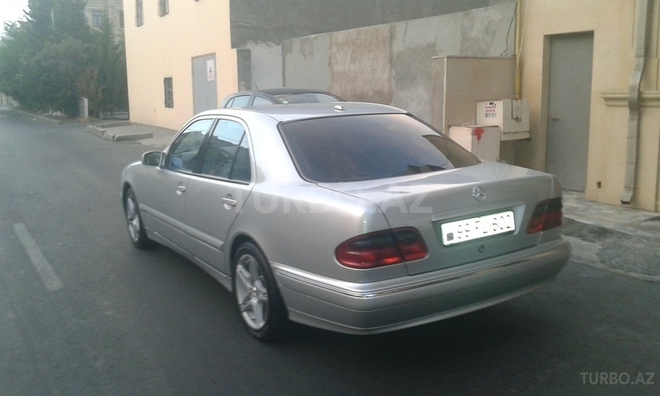 Mercedes E 270 1999, 257,000 km - 2.7 l - Bakı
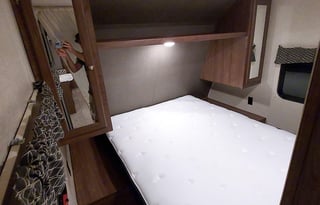 Fireside RV's Heartland Prowler Lynx 31LX LMI1164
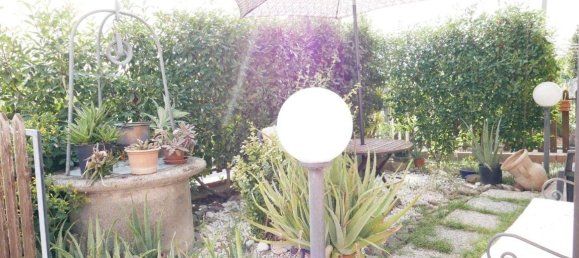 2 bedrooms House in Ravenna, Italy No. 333787 7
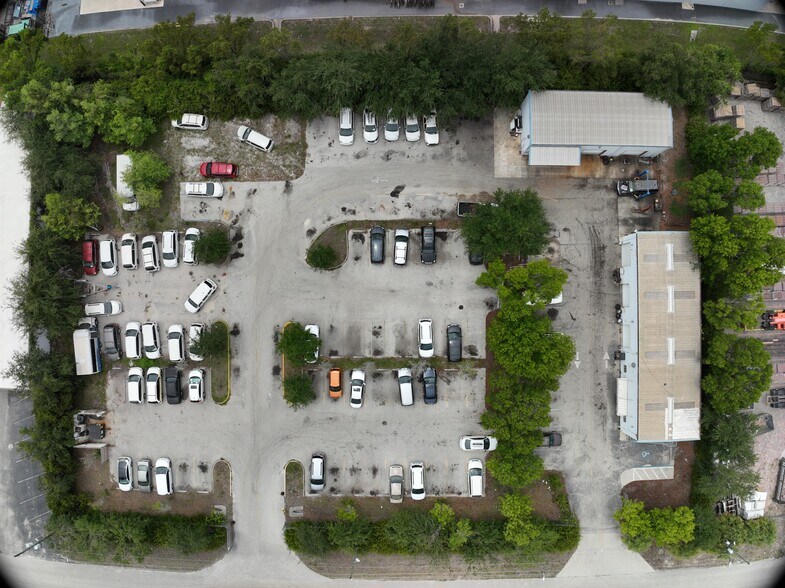 3252 Palm Ave, Fort Myers, FL à louer - Photo de l’immeuble – Image 3 sur 8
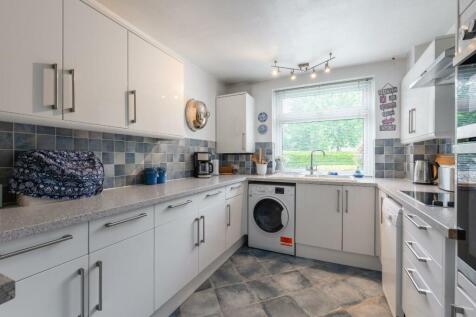 kitchen-2.jpg
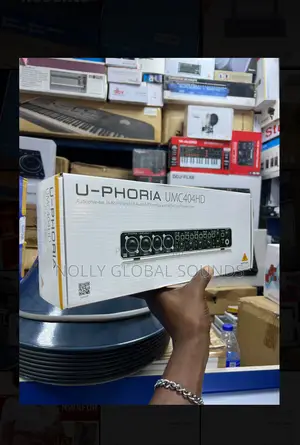 Behringer U-Phoria Umc404hd Usb Audio Interface (Soundcard)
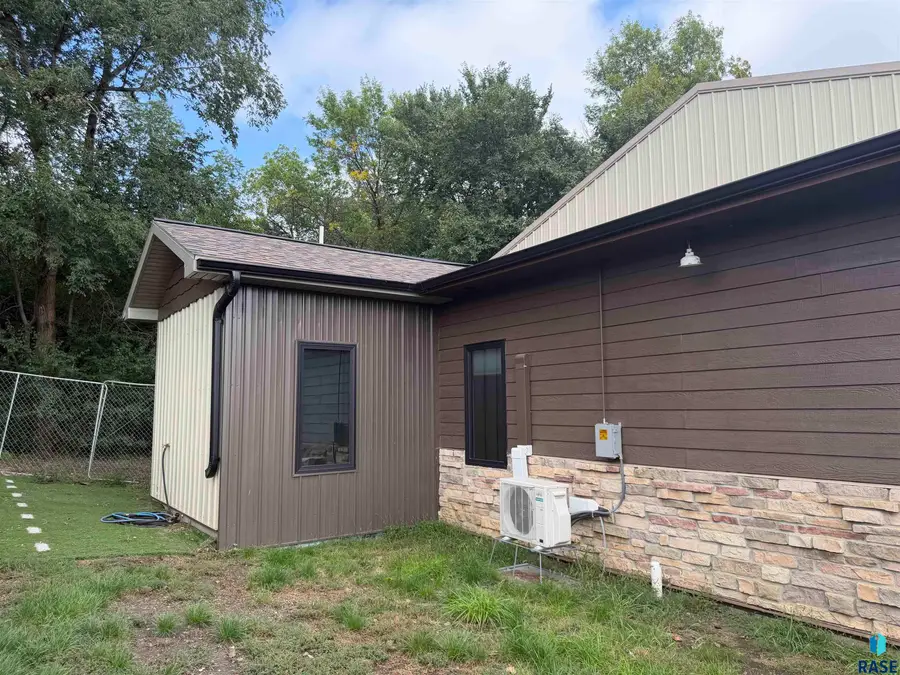 27038 459th Ave, Parker, SD 57053 - #2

TASK GOAL:
Reproduce exactly the part of the records above that begins at the line holding "kitchen-2.jpg" and ends at the final line, both included, leaving out the pictures.

ANSWER SPACE:
 kitchen-2.jpg
 Behringer U-Phoria Umc404hd Usb Audio Interface (Soundcard)
 27038 459th Ave, Parker, SD 57053 - #2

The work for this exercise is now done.